O caipirinha de Mogi

Mauricio de Sousa diz que Franjinha seria bom presidente: "estamos nas mãos dos cientistas neste momento".

Fred Di Giacomo De Ecoa, em São Paulo (SP) Lailson dos Santos/Divulgação

"Eu sou um caipirinha de Mogi das Cruzes", declara logo no começo do papo um dos brasileiros mais famosos (e amados) do país, o cartunista Mauricio de Sousa, 85, pai da "Turma da Mônica" e de mais de 400 personagens que já venderam, em 60 anos, mais de 1,2 bilhão de gibis.

Quem acha que o simpático Mauricio nasceu na capital paulista se engana. Ele estreou em nosso planeta azul no dia 27 de outubro de 1935, na pequena Santa Isabel, cidade que conta com cerca de 57 mil habitantes. Mudou-se com os pais para Mogi das Cruzes, onde passou boa parte da infância "nadando nos rios e pescando", como alegra-se em recordar. Nos anos 50, já em São Paulo, foi repórter policial, mas seu sonho era atuar em outra parte dos jornais: as tirinhas em quadrinhos.

Se a Mônica (e outros personagens da turminha, como Nimbus) foram inspirados em seus filhos, Maurício baseou o caipira Chico Bento em suas vivências no interior do país. Chico, criado em 1961, tornou-se, em 2020, embaixador oficial do WWF Brasil — ONG cuja meta é "criar um futuro onde sociedade e natureza vivam em harmonia."

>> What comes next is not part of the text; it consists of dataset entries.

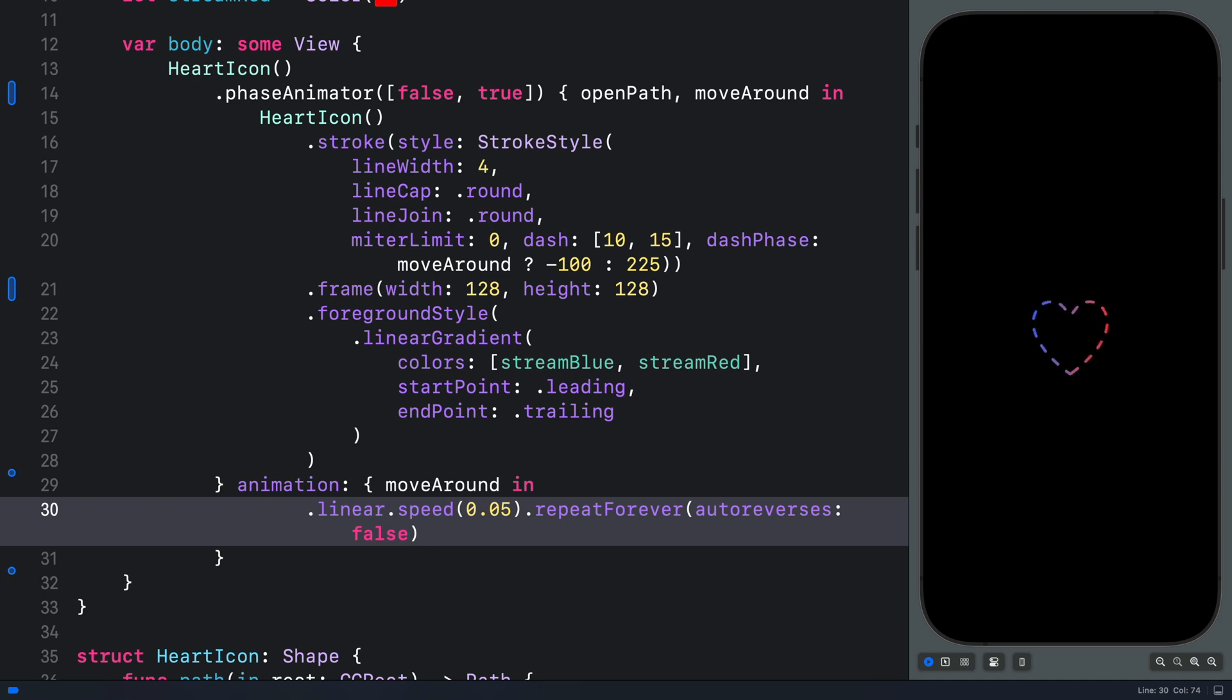With this, we are going to end here. We now know how to create a smooth marching ants effect here inside SwiftUI using the dash phase property of a path. Thanks for watching this video.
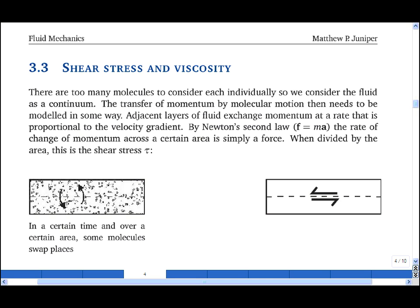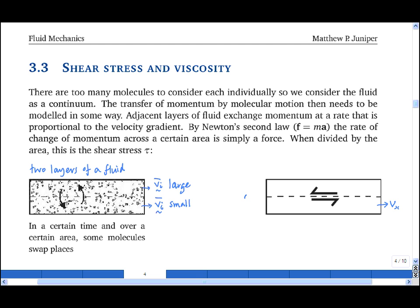Let's imagine two layers of a fluid. The average velocity of the molecules in the bottom layer is small and in the x-direction, while that of the molecules in the top layer is large and also in the x-direction. There are too many molecules to consider individually, so we model the fluid as a continuum. If the velocity in the bottom layer is vx and the layers are separated by a distance delta y, then the velocity in the top layer is vx plus partial dvx/dy times delta y.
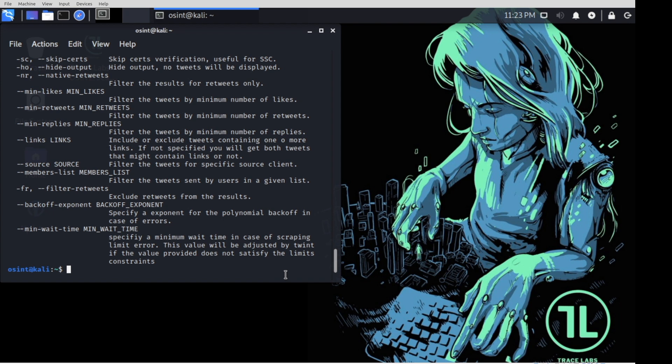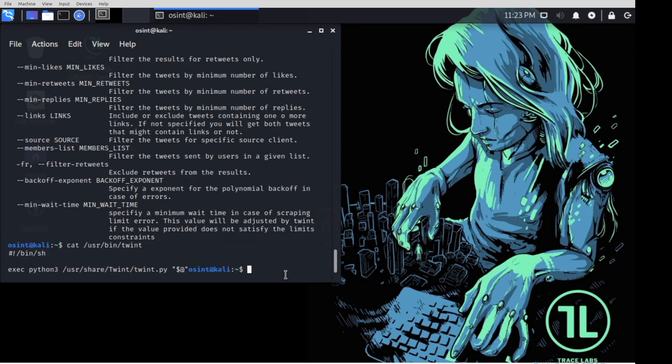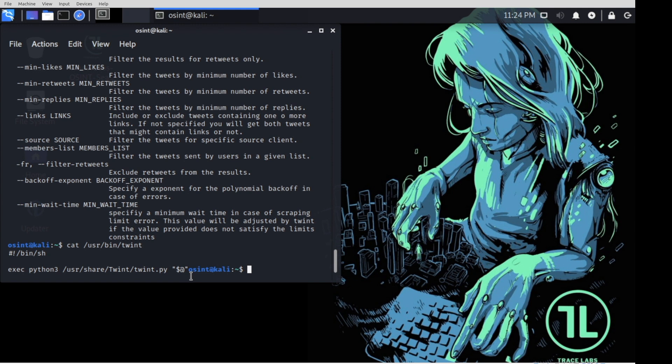If you're ever curious what exactly is going on here, all those files live in usr bin twint. And you'll see, it's just a shell script that kicks off Python 3 and then the path to Twint.py. And then it passes in whatever other arguments into Twint. We're just trying to make your lives as simple as possible. You don't necessarily need to know that it's a Python program. Just know that it's Twint. And the process I just explained to you should apply to every single application in the VM.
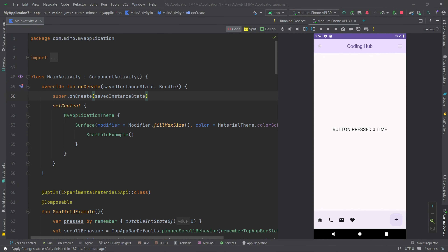Welcome to the second episode of the series. In this video we'll be creating a simple-looking application using the Scaffold module. Scaffold is a component in Jetpack Compose used to create the structure of an application. We'll look at how to create a top app bar, a bottom app bar, and a floating action button. We'll also handle presses of the floating action button — clicking it updates a counter value and shows a toast message.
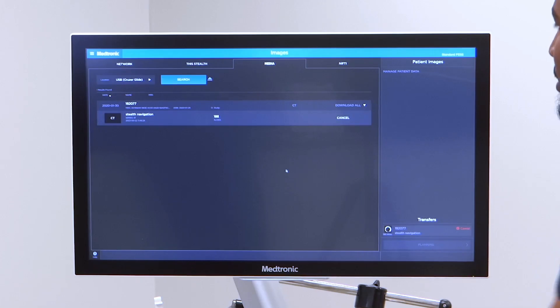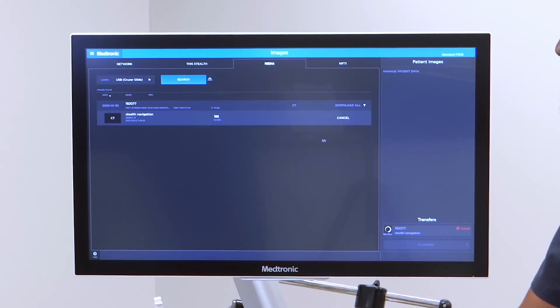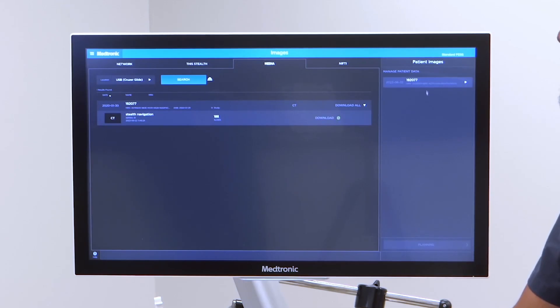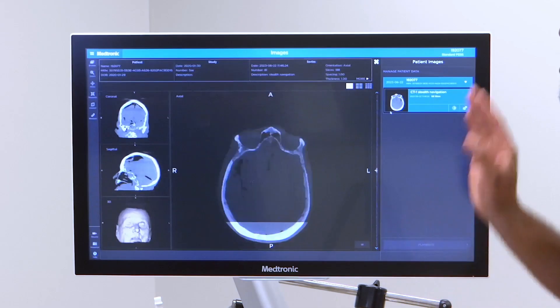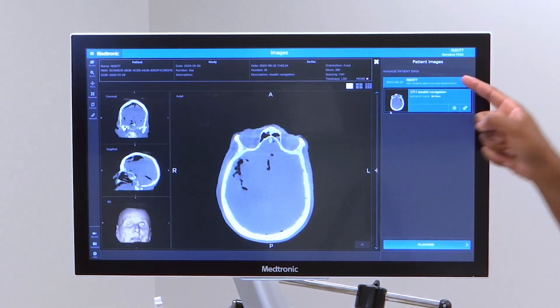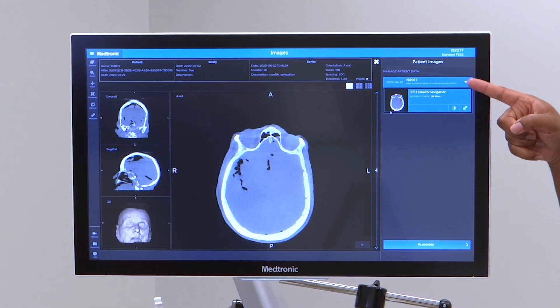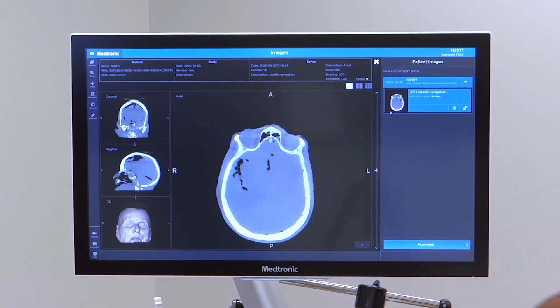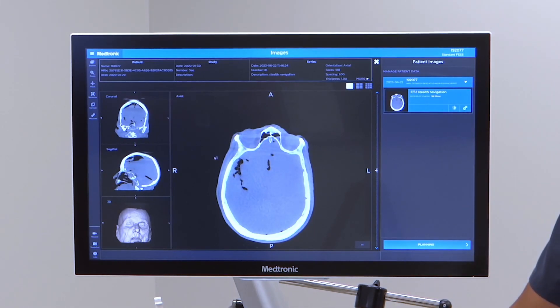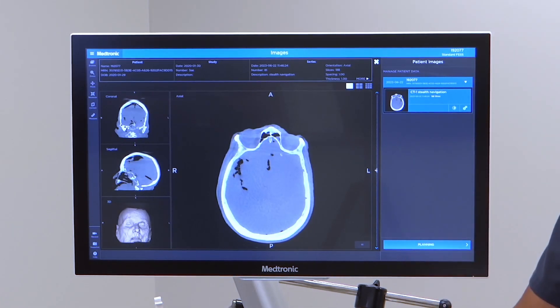I'll hit download — it takes a moment to download. Once it does, you can click on this panel right there and it'll take you to the next screen.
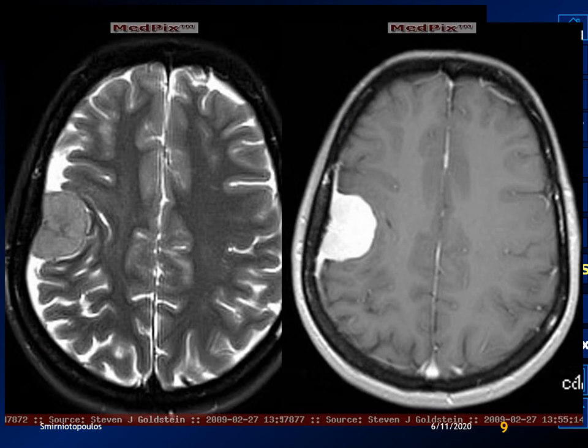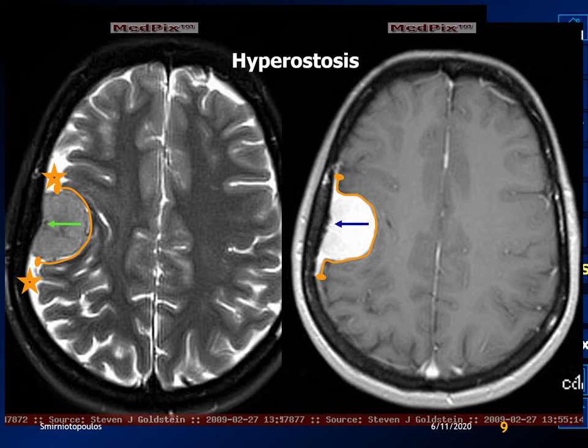Here's a typical example of a meningioma. We see the classic hemispheric shape, broad-based against the dural surface, widening the subarachnoid space at the margins. We can see homogeneous enhancement, a dural tail at the edge of the lesion, and we can also recognize that there is hyperostosis.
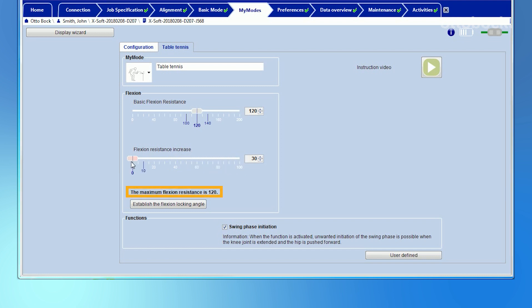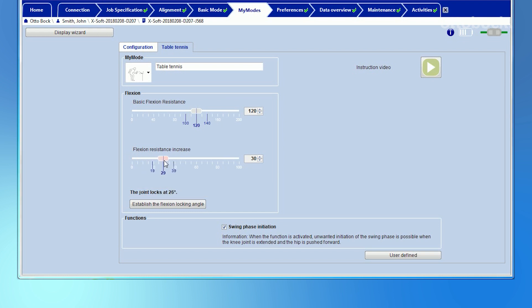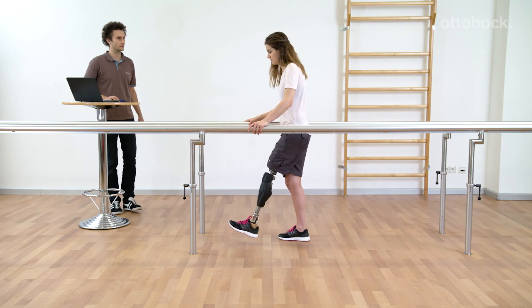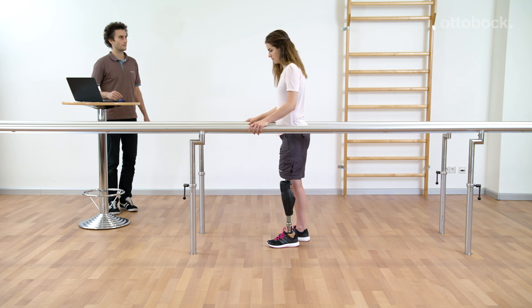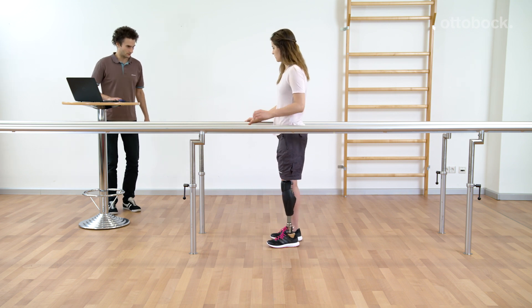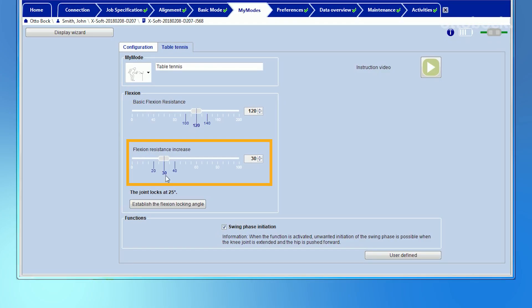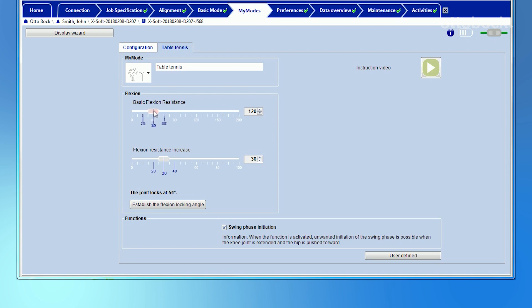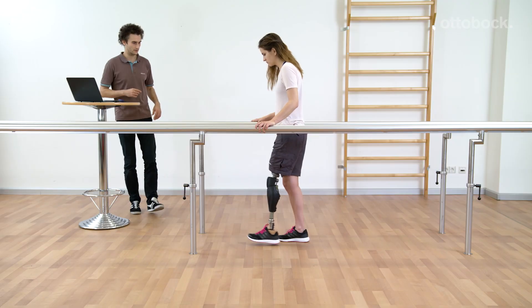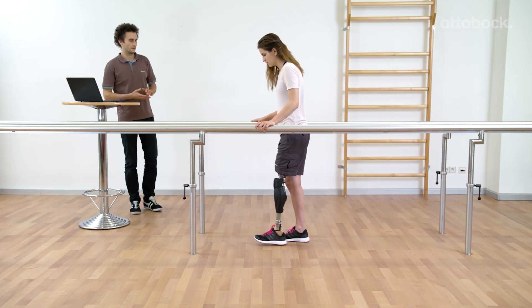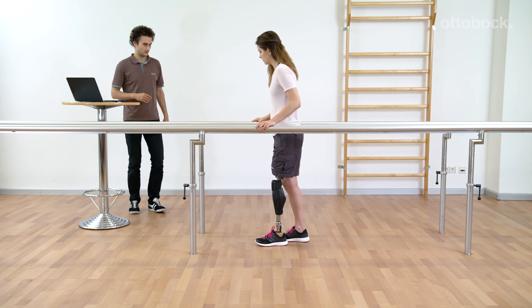The settings for the My Mode Table Tennis are now reset to their defaults. Due to the given basic flexion resistance, the knee joint is not free swinging. To lock in flexion at 25 degrees, a relatively low value for flexion resistance increase is needed. Conversely, to achieve the same angle of 25 degrees, the basic flexion resistance has to be reduced and the flexion resistance increase must be set higher.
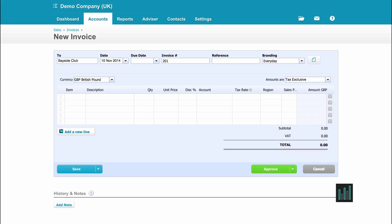Now the due date — if any defaults have been set up, they will automatically appear here. I can type in a due date in whichever format I wish, choose it from the dropdown calendar, or put plus however many days it is due. So I can say plus 30 and Xero will put the date in for me.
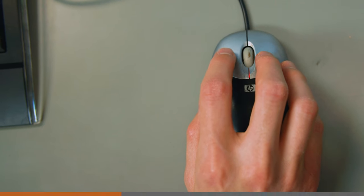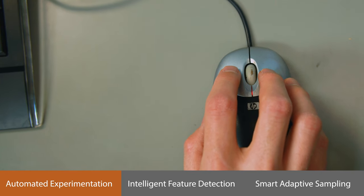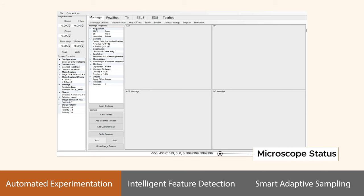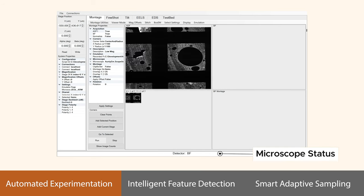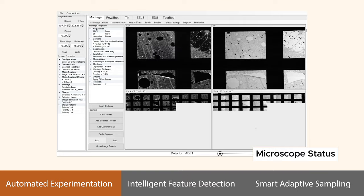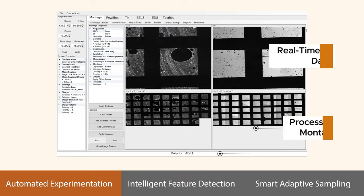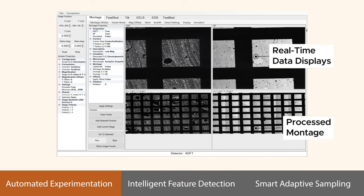When the user programs an experiment and clicks Run, the instrument begins automatically collecting data. The system meticulously processes, corrects, and curates data to ensure accurate and precise results.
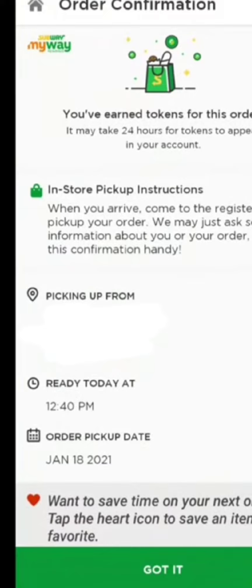This is how you order from Subway. I hope you found this video helpful. Don't forget to hit that subscribe button and give us a thumbs up — we will be back again with more informative videos.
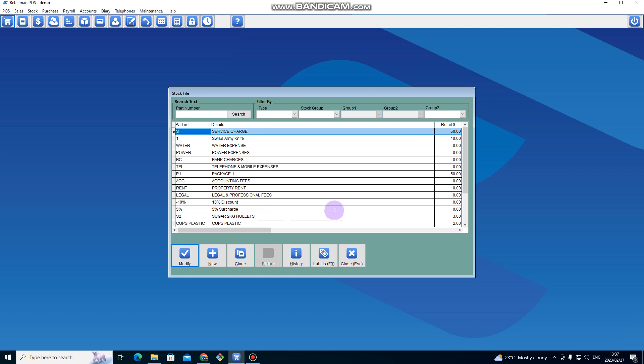So that is how you add your stock. You can do this until you finish adding all your stock items in the system. So I can close here.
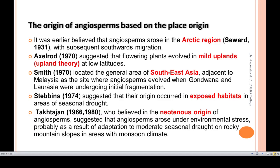According to Smith, the origin was in Southeast Asia. Chebbins in 1974 suggested that their origin occurred in exposed habitats. Saktagen, who believed in the neotenous origin of angiosperms, suggested that angiosperms arose under environmental stress, probably as a result of adaptation to moderate seasonal drought on rocky mountain slopes in areas with a monsoon climate. This is called the neotenous origin.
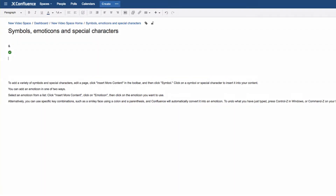Alternatively, you can use specific key combinations, such as a smiley face using a colon and a parenthesis, and Confluence will automatically convert it into an emoticon.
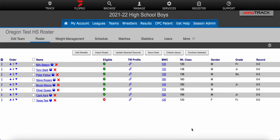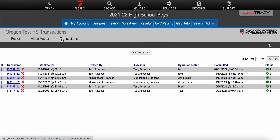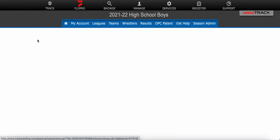First you'll need to log into your team within the season. Once you're logged into your team you'll need to go to the weight management tab in the gray menu bar and then select Alpha Master from the new gray menu bar.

Neste sábado (27), acontece "A Hora do Planeta", movimento global organizado pelo WWF e apoiado por Ecoa. A campanha contra as mudanças climáticas geradas pela destruição da natureza inclui a segunda edição do Festival Digital da Hora do Planeta, que rola no dia 27, a partir das 13h com transmissão ao vivo por aqui e tradução para libras. O festival contará com diversas mesas, inclusive uma que reunirá Mauricio de Sousa, Fábio Porchat, Gilberto Gil e Ailton Krenak.

Aliás, Chico Bento pode ser o embaixador do WWF. Mas Mauricio confessa que seria Franjinha, estrela de sua primeira tirinha ao lado de Bidu, publicada em 1959, o personagem escolhido por ele para presidente do Brasil neste momento pandêmico. "Por que [o Franjinha] é um cientista e nós estamos nas mãos dos cientistas neste momento, inclusive. Por que não sonhar com isso?" Por que não?

Lailson dos Santos/Divulgação
Acervo Pessoal

O caipira

Ecoa - Como começou sua parceria com "A Hora do Planeta"?

Mauricio de Sousa - Começou como quem não quer nada. (risos) Eles perceberam que algumas histórias minhas falavam sobre a natureza, a poluição, os cuidados com animais. Principalmente nas histórias do Chico Bento. Conversa vai, conversa vem; o pessoal resolveu pegar o Chico Bento como símbolo do Pantanal [Em 2014, o WWF escolheu Chico como Embaixador do Pantanal].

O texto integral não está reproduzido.